Thai Chicken Thigh Bake image

Super moist and super easy Thai-inspired sweet and spicy chicken. The secret is the foil wrapper!

Provided by Jacqueline

Categories     World Cuisine Recipes     Asian

Time 1h45m

Yield 10

Number Of Ingredients 10

½ cup soy sauce
⅓ cup brown sugar
¼ cup peanut butter
3 tablespoons hoisin sauce
2 tablespoons minced fresh ginger root
2 tablespoons minced fresh garlic
2 tablespoons chile-garlic paste
1 tablespoon cornstarch
10 boneless, skinless chicken thighs, cut into bite-sized cubes
¼ cup chopped fresh cilantro, or to taste

Steps:

  • Combine soy sauce, brown sugar, peanut butter, hoisin sauce, ginger, garlic, and chile paste in a resealable container.

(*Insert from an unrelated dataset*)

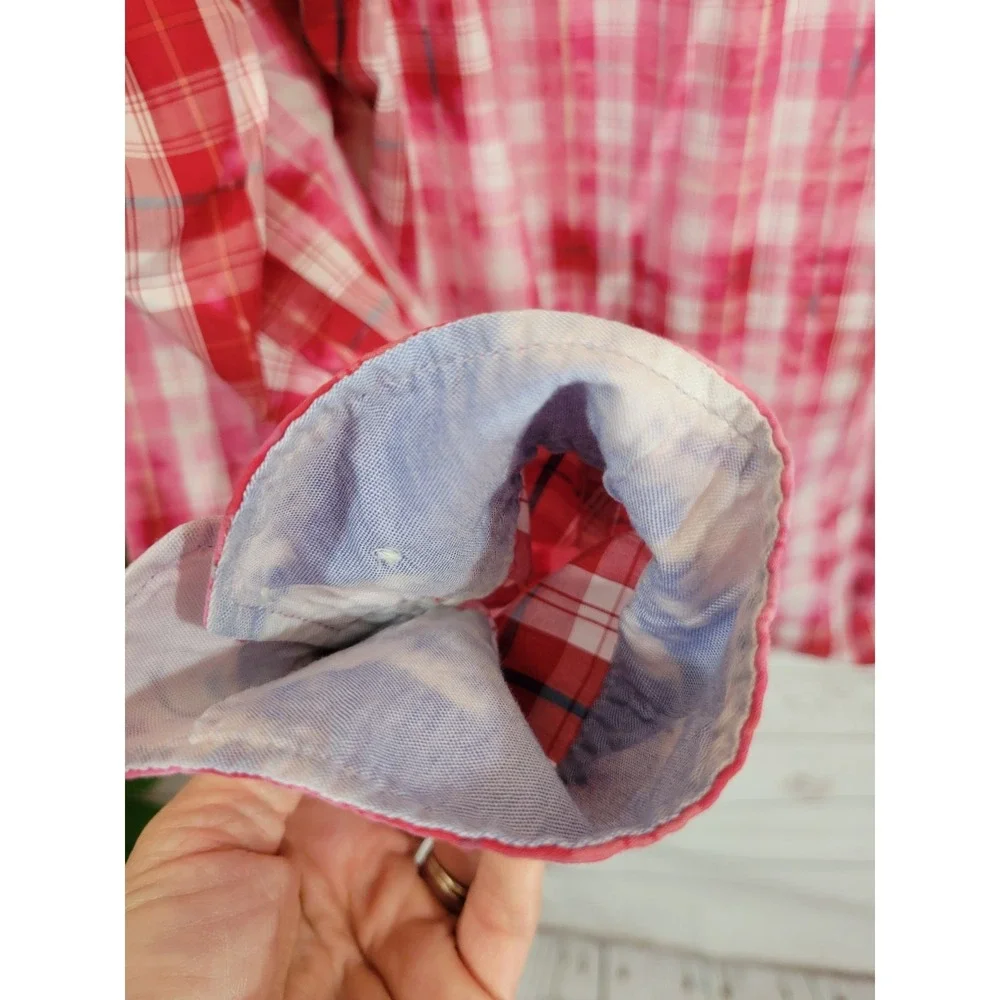 Banana Republic Shirt Slim Fit Plaid Tie Dye Distressed Grunge Red Mens Large L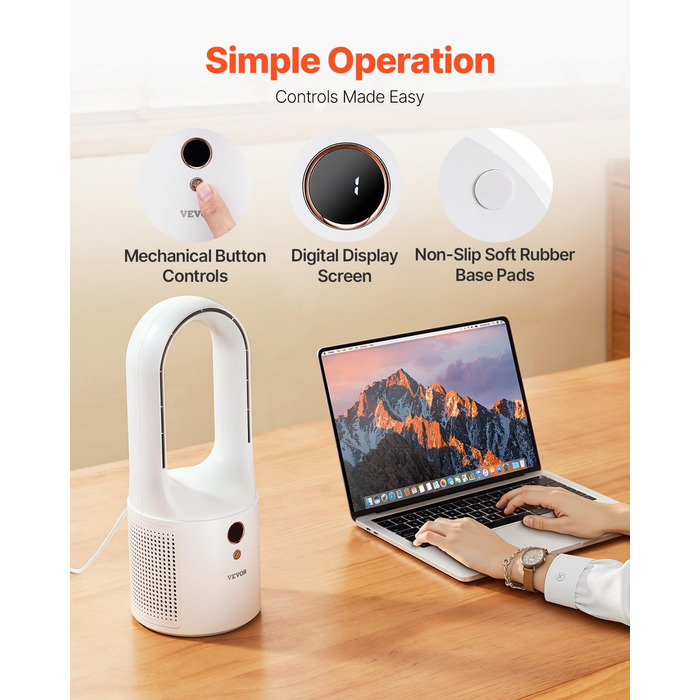 Безлопатевий вентилятор VEVOR 330 мм, портативний USB-вентилятор, 6 режимів, тихий, з LCD-дисплеєм, для дому, офісу, дитячої кімнати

Mix well. Stir in cornstarch. Add chicken to marinade, cover, and refrigerate for at least 30 minutes.
  • Preheat the oven to 400 degrees F (200 degrees C). Line a jelly roll pan or rimmed cookie sheet with a double layer of foil large enough to envelop the chicken.
  • Spread chicken evenly over the bottom layer of foil. Top with the marinade, fold the upper layer of foil on top, and wrap to fully cover chicken.
  • Roast in the preheated oven until chicken thighs are no longer pink, about 1 hour. Unwrap and sprinkle with cilantro.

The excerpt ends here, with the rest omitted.